Yes. Or, more precisely, some do. So long as it meets the other speed requirements outlined on this page, it should work just fine. There are some cards, like those in SanDisk’s Ultra range, that don’t work as well.

But cards like the Lexar Professional 1000x 128GB SDXC card and I’ve not had any issues using ones in SanDisk’s Extreme, Extreme Plus, and Extreme Pro lines.

General Tips for Buying and Using microSD Cards

Here are some general tips about using SD cards in the HERO4 Silver and Black:

  • If you’re going with SanDisk, I don’t recommend their “Ultra” or “Ultra Plus” range of cards for any of the recent GoPros. Despite being Class 10, many users have reported issues with the recording stopping prematurely (a problem I ran into myself). The faster cards in the Extreme range are not much more expensive and work much better.
  • Test your memory card before using it on your once-in-a-lifetime footage. Memory cards are pretty reliable, but it is possible to get a faulty one. And here are some steps to try if you need to recover photos from a memory card.
  • Before using it, format the memory card in the camera. It’s a safer option that formatting on your computer and can help prevent problems. And it’s a good idea to reformat in the camera fairly regularly as a way to prepare the card for use. I do it immediately after downloading all my footage/photos from the card to my computer so that it’s ready to go for next time. You can find the reformat function under Settings > Delete All.
  • Buy from a reputable retailer. There are a lot of counterfeit memory cards out there being peddled by less-reputable dealers.
  • Don’t use the memory card for long-term storage. Download it to a computer or similar as soon as practicable (and back that up!).
  • There are also other brands that make very good memory cards, and they might work well in the GoPros. But GoPro doesn’t include them on their recommended list. If you go with another brand, there are some things to look for. Pay careful attention to the write speed of the card, not the misleading read speeds that are often used in advertising. If you’ve never heard of the brand and can’t find good reviews of it online, it’s probably a good idea to go with another that you do know. Some brands that have good reputations include PNY, Transcend, Samsung, Delkin, Sony, and Kingston. Not all cards from all of those manufacturers work well with the new GoPros–some are too slow, for example–but I have a separate roundup of the fastest microSD cards.
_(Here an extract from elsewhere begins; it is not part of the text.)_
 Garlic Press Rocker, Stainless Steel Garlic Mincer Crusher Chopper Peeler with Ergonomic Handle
You can find GoPro’s official list of microSD card recommendations here.

How to Recover Data from a microSD Card

If you’ve accidentally deleted videos or photos from your GoPro’s microSD card, there’s still a good chance that you can recover it.
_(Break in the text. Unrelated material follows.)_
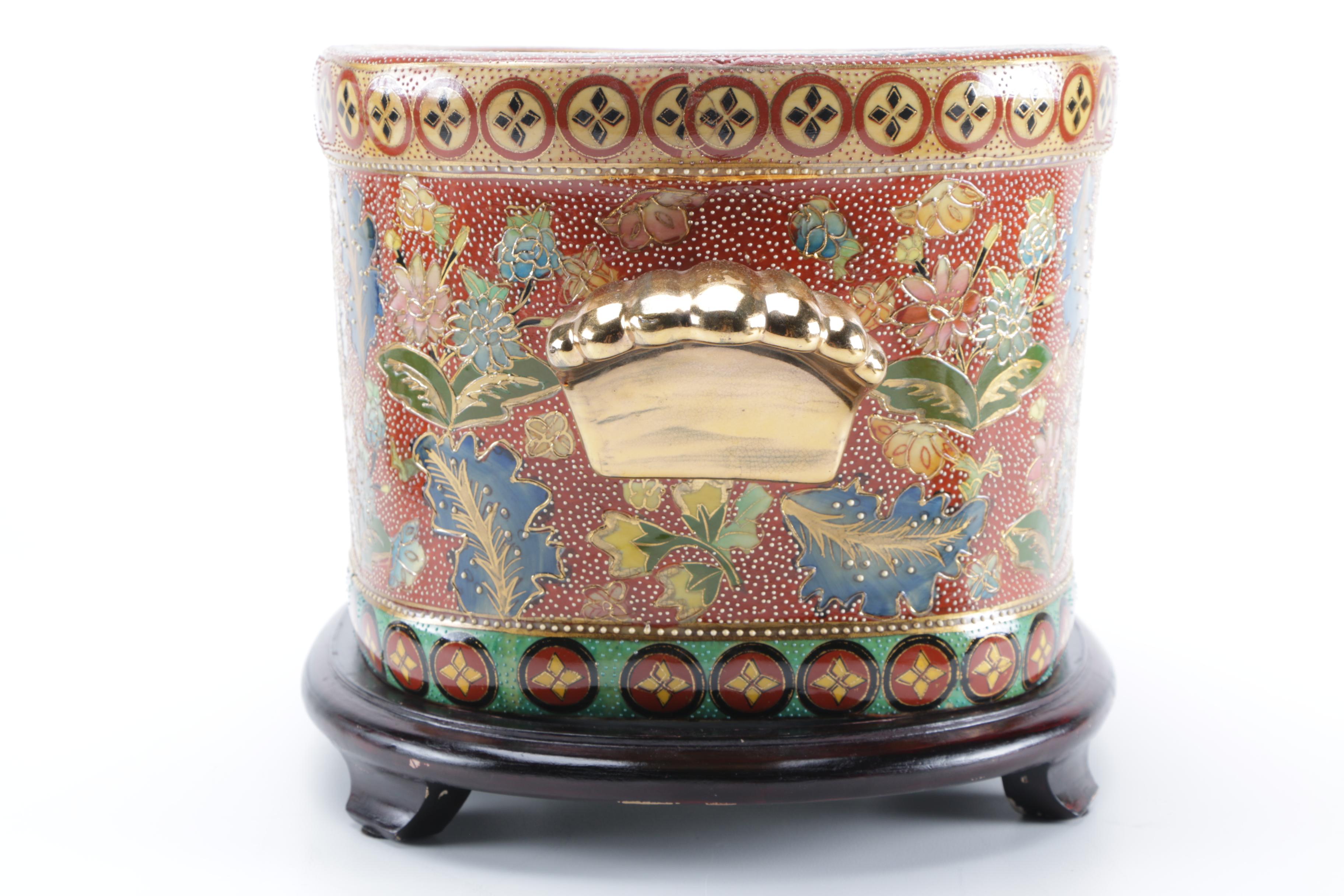 Chinese Carp Decorated Jardiniere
The first thing to do is stop using the card. The more data is overwritten, the harder it will be to recover what you’re after.

The next thing to do is to use data recovery software to scan the card to find recoverable data. There are a number of options for doing this, including free data recovery software and more comprehensive data recovery software that requires a license.
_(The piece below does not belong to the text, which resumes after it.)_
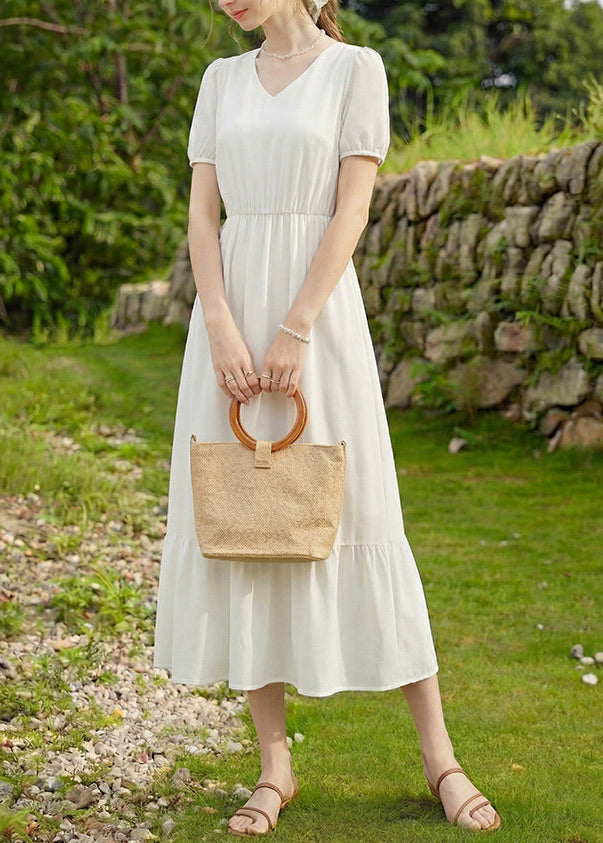 White Wrinkled Patchwork Chiffon Ankle Dress V Neck Summer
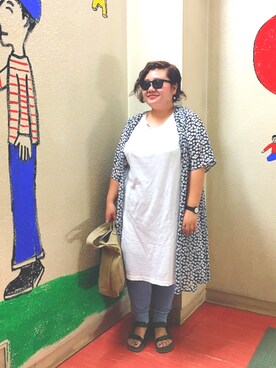 「ぽっちゃり、夏」｜「アイテム（腕時計）」を使った、kasan/manaさん（レディース・155cm）の夏コーディネート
  1. Data sources: 1 | 2.[]

Images and product information from Amazon PA-API were last updated on 2022-05-19 at 22:28. Product prices and availability are accurate as of the date/time indicated and are subject to change. Any price and availability information displayed on Amazon Site at the time of purchase will apply to the purchase of this product.

David Coleman / Photographer
by David Coleman

I'm a freelance travel photographer based in Washington DC. Seven continents, up mountains, underwater, and a bunch of places in between. My images have appeared in numerous publications, and you can check out some of my travel photography here. I've been shooting with GoPros for years, starting with the HD HERO, and have owned and used every model since. More »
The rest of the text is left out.